El contraste entre lo que fue y lo que se anuncia está diseminado por toda la película. Desde un mensajero que no bebe mientras trabaja, cuando para Hart es imprescindible hacerlo para poder producir, además de que no conoce sus canciones, excepto la que él considera la peor de todas, hasta el propio aspecto físico, con el decadente Hart frente al joven y pujante Rodgers.
Este contraste se llevará a su máxima expresión en su relación con la jovencita Elizabeth, una esperanza más impostada que real sobre sus posibilidades amatorias, y que Linklater presente con toda su liviana crueldad, haciendo que la joven le cuente al viejo pretendiente las relaciones sexuales mantenidas con su enamorado, la ilusión que siente por él, y el desengaño por no ser correspondida, mientras que Hart ve pasar por su lado todo lo que él desearía, sin ni siquiera ser tenido en cuenta por la joven. No hay dramas, hay algo mucho peor: la constatación de que él ya no está en ese juego.
A partir de la mitad de la película se va produciendo el desnudamiento del escritor. Linklater quiere perforar su imagen cínica para mostrar a la persona desamparada que habita bajo ella. El éxito del musical que acaba de estrenar, tan despreciado por Hart, conduce a la solicitud, casi súplica, de una nueva oportunidad, de retomar el tándem antaño exitoso, sin percibir que lo ocurrido es su acta de defunción.

Durante los agasajos a la compañía, Hart permanece al margen sin entender lo que ocurre. La distribución espacial alza como una barrera invisible entre él y los recién llegados, la cual nunca llega a romperse de verdad. El escritor mira con incredulidad lo que está ocurriendo, sin que ni siquiera los elogios que recibe del nuevo letrista sirvan para introducirlo en ese nuevo modo de hacer las cosas. Hart es una reliquia del pasado. Valiosa, sin duda, pero ya inservible. Es un recuerdo de lo que fue y no volverá.

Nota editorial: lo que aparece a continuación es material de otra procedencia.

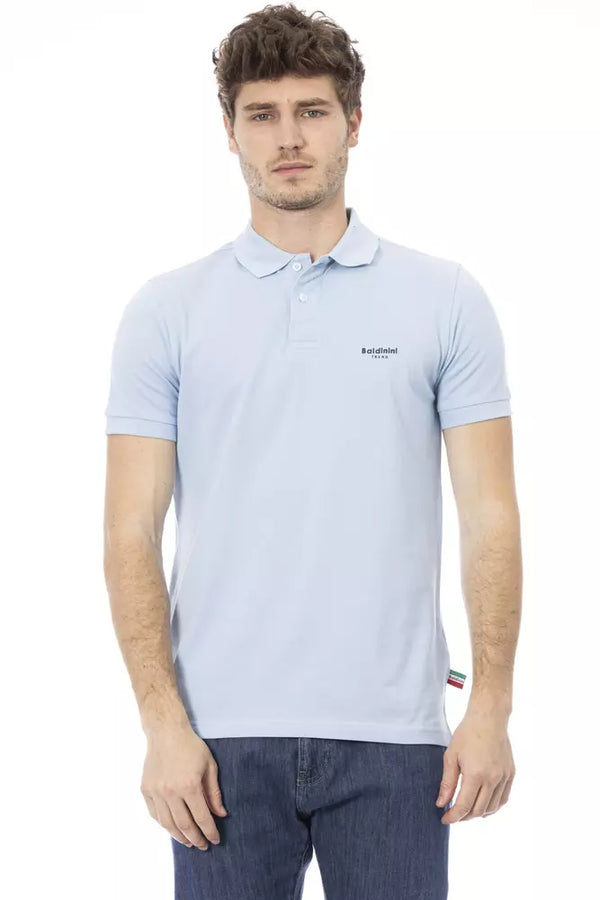 Light Blue Cotton Men Polo Baldinini Trend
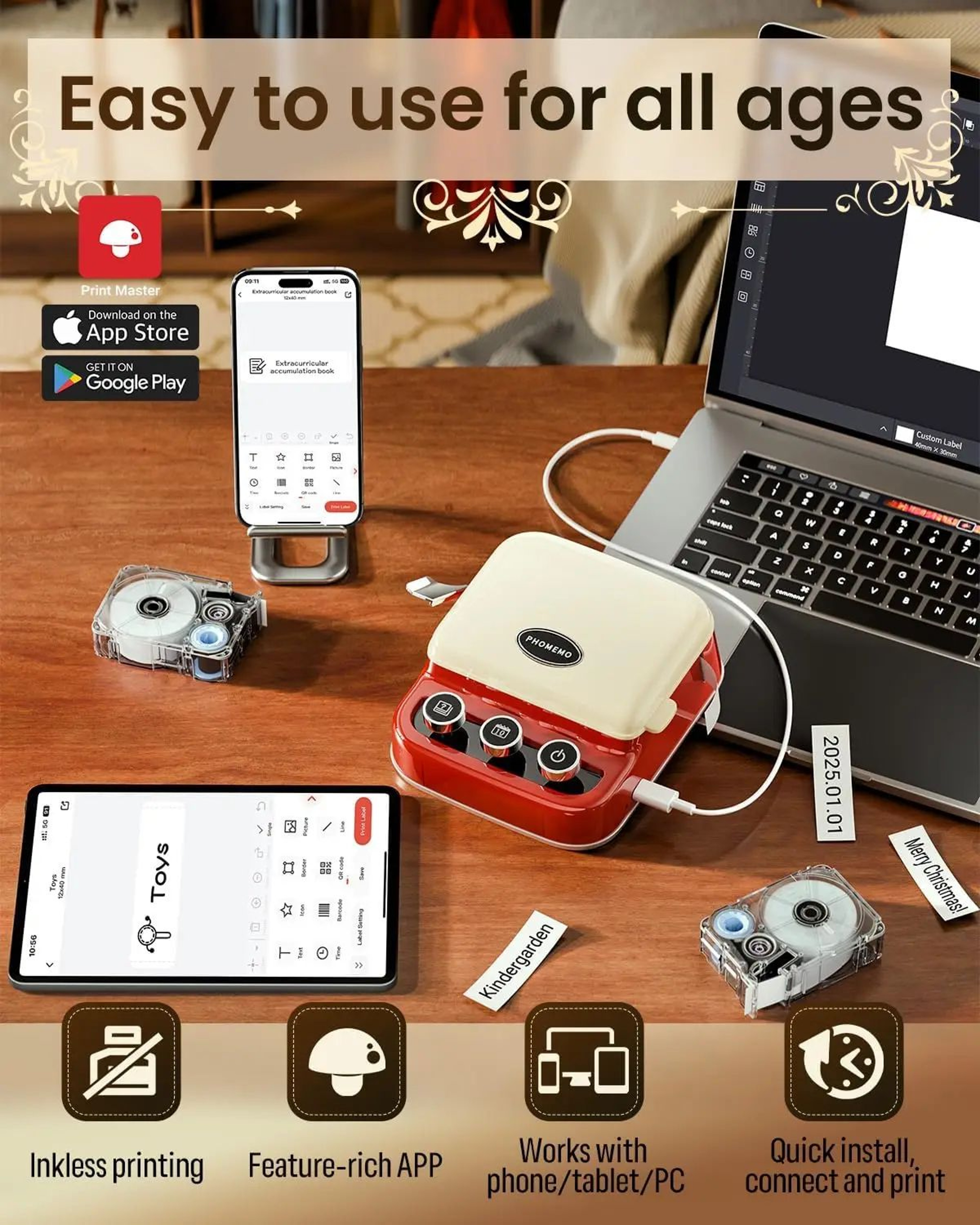 Phomemo P15 Mini Bluetooth Ribbon Label Maker For Gifts And Weddings 5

La puntilla proviene de Elizabeth, quien, ignorando su genio, se suma a la ola que Rodgers representa y que le promete un futuro. El intento desesperado, y patético, de Hart por retener a la chica, con el recordatorio de la mujer de Rodgers, es el último clavo en su ataúd.
Finalmente quedará excluido de la fiesta del estreno, y la que a su vez él publicita en su casa pasa desapercibida. Linklater, aunque se ha puesto a sí mismo muchas limitaciones a la hora de rodar, dada la unidad espacio-temporal a la que se somete, sitúa la fiesta en el piso de arriba, al cual Hart no va a acceder, y nos lo muestra bajando las escaleras, descenso que alude no sólo a la lejanía del éxito, a la separación de un mundo que no es el suyo, sino también a su hundimiento personal. El niño, prometedor escritor de musicales, es el recurso para indicar la manera en la que se presenta el futuro y el lugar («divertido») en el que quedará recluido el talento trasnochado de Hart.
Mantener el ritmo de la película es una tarea compleja. Todo descansa en la genialidad del protagonista, la cual deriva en más de una ocasión en manierismo, seguramente buscado, por cuanto lo expuesto está a caballo entre el hombre y su imagen, la cual acaba fagocitando al primero. Hart es lo que dice, y lo que dice, siempre frases hechas y epatantes, construye una caricatura con la que el director se siente satisfecho.
Que nos cuente el final de su vida y no su etapa gloriosa, que resuena como un apagado eco (por medio de noticiarios, críticas y recuerdos), da cuenta de lo que es y pretende esta obra a la que hay que reconocerle, al menos, unos logros estilísticos encomiables.